**ACTION ITEM:** Word by word and line by line, write out all of the records.

**RECORDS SHOWN:**
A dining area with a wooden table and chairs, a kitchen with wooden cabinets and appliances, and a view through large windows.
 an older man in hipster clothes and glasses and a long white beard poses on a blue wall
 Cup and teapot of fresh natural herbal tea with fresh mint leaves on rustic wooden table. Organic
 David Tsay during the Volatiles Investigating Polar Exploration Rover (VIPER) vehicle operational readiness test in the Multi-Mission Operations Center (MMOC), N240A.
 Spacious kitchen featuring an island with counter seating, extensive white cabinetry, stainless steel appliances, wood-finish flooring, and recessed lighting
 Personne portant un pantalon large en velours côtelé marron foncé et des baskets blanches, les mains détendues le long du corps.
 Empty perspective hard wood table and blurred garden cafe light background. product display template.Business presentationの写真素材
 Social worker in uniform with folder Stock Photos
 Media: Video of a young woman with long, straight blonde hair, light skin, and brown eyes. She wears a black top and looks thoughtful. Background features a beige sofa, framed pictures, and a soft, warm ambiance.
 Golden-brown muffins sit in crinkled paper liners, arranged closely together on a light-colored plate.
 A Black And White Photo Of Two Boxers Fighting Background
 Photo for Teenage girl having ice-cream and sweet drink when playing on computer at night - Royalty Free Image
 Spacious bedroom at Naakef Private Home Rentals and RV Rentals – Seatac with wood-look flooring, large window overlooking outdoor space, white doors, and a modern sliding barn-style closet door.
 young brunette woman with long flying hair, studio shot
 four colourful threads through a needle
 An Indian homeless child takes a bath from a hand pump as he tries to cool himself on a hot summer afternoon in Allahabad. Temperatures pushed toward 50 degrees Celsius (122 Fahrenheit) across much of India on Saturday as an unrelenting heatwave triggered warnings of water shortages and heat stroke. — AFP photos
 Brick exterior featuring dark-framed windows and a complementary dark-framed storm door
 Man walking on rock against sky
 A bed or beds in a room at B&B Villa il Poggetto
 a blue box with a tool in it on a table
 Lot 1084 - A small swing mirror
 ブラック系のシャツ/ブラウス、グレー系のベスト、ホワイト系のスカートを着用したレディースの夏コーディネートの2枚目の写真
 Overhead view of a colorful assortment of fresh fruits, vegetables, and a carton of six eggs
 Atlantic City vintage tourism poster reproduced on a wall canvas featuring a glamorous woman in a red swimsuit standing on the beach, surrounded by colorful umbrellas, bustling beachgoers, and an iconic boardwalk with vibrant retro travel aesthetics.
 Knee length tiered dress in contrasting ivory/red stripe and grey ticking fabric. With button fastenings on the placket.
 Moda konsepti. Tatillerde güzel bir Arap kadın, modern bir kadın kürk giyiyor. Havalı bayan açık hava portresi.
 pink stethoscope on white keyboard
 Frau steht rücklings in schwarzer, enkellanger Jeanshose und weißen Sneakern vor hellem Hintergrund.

**FINISHED EXERCISE:**
A dining area with a wooden table and chairs, a kitchen with wooden cabinets and appliances, and a view through large windows.
 an older man in hipster clothes and glasses and a long white beard poses on a blue wall
 Cup and teapot of fresh natural herbal tea with fresh mint leaves on rustic wooden table. Organic
 David Tsay during the Volatiles Investigating Polar Exploration Rover (VIPER) vehicle operational readiness test in the Multi-Mission Operations Center (MMOC), N240A.
 Spacious kitchen featuring an island with counter seating, extensive white cabinetry, stainless steel appliances, wood-finish flooring, and recessed lighting
 Personne portant un pantalon large en velours côtelé marron foncé et des baskets blanches, les mains détendues le long du corps.
 Empty perspective hard wood table and blurred garden cafe light background. product display template.Business presentationの写真素材
 Social worker in uniform with folder Stock Photos
 Media: Video of a young woman with long, straight blonde hair, light skin, and brown eyes. She wears a black top and looks thoughtful. Background features a beige sofa, framed pictures, and a soft, warm ambiance.
 Golden-brown muffins sit in crinkled paper liners, arranged closely together on a light-colored plate.
 A Black And White Photo Of Two Boxers Fighting Background
 Photo for Teenage girl having ice-cream and sweet drink when playing on computer at night - Royalty Free Image
 Spacious bedroom at Naakef Private Home Rentals and RV Rentals – Seatac with wood-look flooring, large window overlooking outdoor space, white doors, and a modern sliding barn-style closet door.
 young brunette woman with long flying hair, studio shot
 four colourful threads through a needle
 An Indian homeless child takes a bath from a hand pump as he tries to cool himself on a hot summer afternoon in Allahabad. Temperatures pushed toward 50 degrees Celsius (122 Fahrenheit) across much of India on Saturday as an unrelenting heatwave triggered warnings of water shortages and heat stroke. — AFP photos
 Brick exterior featuring dark-framed windows and a complementary dark-framed storm door
 Man walking on rock against sky
 A bed or beds in a room at B&B Villa il Poggetto
 a blue box with a tool in it on a table
 Lot 1084 - A small swing mirror
 ブラック系のシャツ/ブラウス、グレー系のベスト、ホワイト系のスカートを着用したレディースの夏コーディネートの2枚目の写真
 Overhead view of a colorful assortment of fresh fruits, vegetables, and a carton of six eggs
 Atlantic City vintage tourism poster reproduced on a wall canvas featuring a glamorous woman in a red swimsuit standing on the beach, surrounded by colorful umbrellas, bustling beachgoers, and an iconic boardwalk with vibrant retro travel aesthetics.
 Knee length tiered dress in contrasting ivory/red stripe and grey ticking fabric. With button fastenings on the placket.
 Moda konsepti. Tatillerde güzel bir Arap kadın, modern bir kadın kürk giyiyor. Havalı bayan açık hava portresi.
 pink stethoscope on white keyboard
 Frau steht rücklings in schwarzer, enkellanger Jeanshose und weißen Sneakern vor hellem Hintergrund.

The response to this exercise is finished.